We call on the UK Government to persuade Poland to participate in the 2012 conference on this topic, to disregard communist nationalisation of property seized by the Nazis, to assist in the creation and operation of a restitution mechanism, and to support the USA in its approaches to Poland.

The model restitution programme is that of Austria, which in 1938 forced Jewish property sales and forced Jews out of the professions. In 2001 Austria established a General Settlement Fund to resolve all remaining issues. The Austrian Government set up a three-person claims committee to receive claims, using relaxed standards of proof—for example, the 1938 property records, witness statements and birth certificates. The Austrians put $210 million into the fund, with extra for insurance claims. Claimants no longer had to take legal action at their own cost. The committee dealt with 20,000 claims relating to 240,000 individuals before closing its work.

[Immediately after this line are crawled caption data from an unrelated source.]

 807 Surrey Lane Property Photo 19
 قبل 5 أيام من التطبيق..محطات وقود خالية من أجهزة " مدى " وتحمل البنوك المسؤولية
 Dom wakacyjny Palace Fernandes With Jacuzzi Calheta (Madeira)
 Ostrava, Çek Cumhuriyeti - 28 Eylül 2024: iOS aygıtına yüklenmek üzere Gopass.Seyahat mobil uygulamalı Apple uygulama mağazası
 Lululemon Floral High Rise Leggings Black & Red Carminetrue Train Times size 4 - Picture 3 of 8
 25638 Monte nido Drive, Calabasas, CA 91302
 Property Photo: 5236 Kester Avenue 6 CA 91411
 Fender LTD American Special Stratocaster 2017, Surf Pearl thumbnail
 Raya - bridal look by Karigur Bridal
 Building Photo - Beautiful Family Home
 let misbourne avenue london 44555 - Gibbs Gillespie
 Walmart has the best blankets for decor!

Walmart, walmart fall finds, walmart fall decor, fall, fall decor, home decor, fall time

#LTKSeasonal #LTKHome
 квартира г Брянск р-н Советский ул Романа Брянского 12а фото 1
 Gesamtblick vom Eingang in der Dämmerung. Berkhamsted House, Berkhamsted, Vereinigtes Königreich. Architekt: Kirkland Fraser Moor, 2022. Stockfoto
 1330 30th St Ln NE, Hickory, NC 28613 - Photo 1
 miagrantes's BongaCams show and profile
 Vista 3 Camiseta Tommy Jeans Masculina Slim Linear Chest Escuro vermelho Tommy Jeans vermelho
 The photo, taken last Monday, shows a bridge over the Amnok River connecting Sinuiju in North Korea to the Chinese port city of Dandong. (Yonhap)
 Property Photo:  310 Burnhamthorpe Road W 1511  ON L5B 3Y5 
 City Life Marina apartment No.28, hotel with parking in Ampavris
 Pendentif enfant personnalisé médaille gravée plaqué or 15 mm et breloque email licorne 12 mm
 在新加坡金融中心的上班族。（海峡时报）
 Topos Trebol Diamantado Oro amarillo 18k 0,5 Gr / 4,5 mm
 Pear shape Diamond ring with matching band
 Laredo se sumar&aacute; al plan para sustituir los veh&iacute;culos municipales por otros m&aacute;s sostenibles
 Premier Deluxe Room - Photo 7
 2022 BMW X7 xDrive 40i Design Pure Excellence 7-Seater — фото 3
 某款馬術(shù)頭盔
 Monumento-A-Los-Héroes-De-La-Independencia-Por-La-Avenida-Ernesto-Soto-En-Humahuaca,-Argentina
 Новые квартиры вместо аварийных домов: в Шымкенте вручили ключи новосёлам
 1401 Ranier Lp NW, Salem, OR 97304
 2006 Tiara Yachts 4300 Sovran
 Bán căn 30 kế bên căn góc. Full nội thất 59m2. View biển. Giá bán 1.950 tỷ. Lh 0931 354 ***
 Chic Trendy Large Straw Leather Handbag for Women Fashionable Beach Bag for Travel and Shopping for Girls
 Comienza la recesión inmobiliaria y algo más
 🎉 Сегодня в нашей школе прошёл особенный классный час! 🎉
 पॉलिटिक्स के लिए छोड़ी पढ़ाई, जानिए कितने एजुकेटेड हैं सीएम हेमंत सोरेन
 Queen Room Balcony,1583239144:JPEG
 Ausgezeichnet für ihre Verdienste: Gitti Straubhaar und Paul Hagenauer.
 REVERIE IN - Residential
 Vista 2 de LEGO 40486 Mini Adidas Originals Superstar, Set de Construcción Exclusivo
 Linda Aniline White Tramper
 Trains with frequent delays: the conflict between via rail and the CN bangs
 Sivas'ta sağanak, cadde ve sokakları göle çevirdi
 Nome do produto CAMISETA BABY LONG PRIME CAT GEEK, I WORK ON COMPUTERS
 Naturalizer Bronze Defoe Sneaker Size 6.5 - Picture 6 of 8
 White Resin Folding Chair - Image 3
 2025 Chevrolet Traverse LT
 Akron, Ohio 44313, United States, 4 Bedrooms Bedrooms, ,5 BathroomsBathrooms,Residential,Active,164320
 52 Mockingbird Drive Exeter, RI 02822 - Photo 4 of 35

This model should be promoted by the UK Government for all outstanding eastern European issues. Archives need to be opened and an office has to help the elderly claimants with their research. I trust that this will be the UK’s programme when it attends the conference this year.

Sharansky said that the Holocaust was not only genocide but the greatest theft in history. Justice is in sight if the UK will use its good offices to ensure the implementation of the Terezin declaration.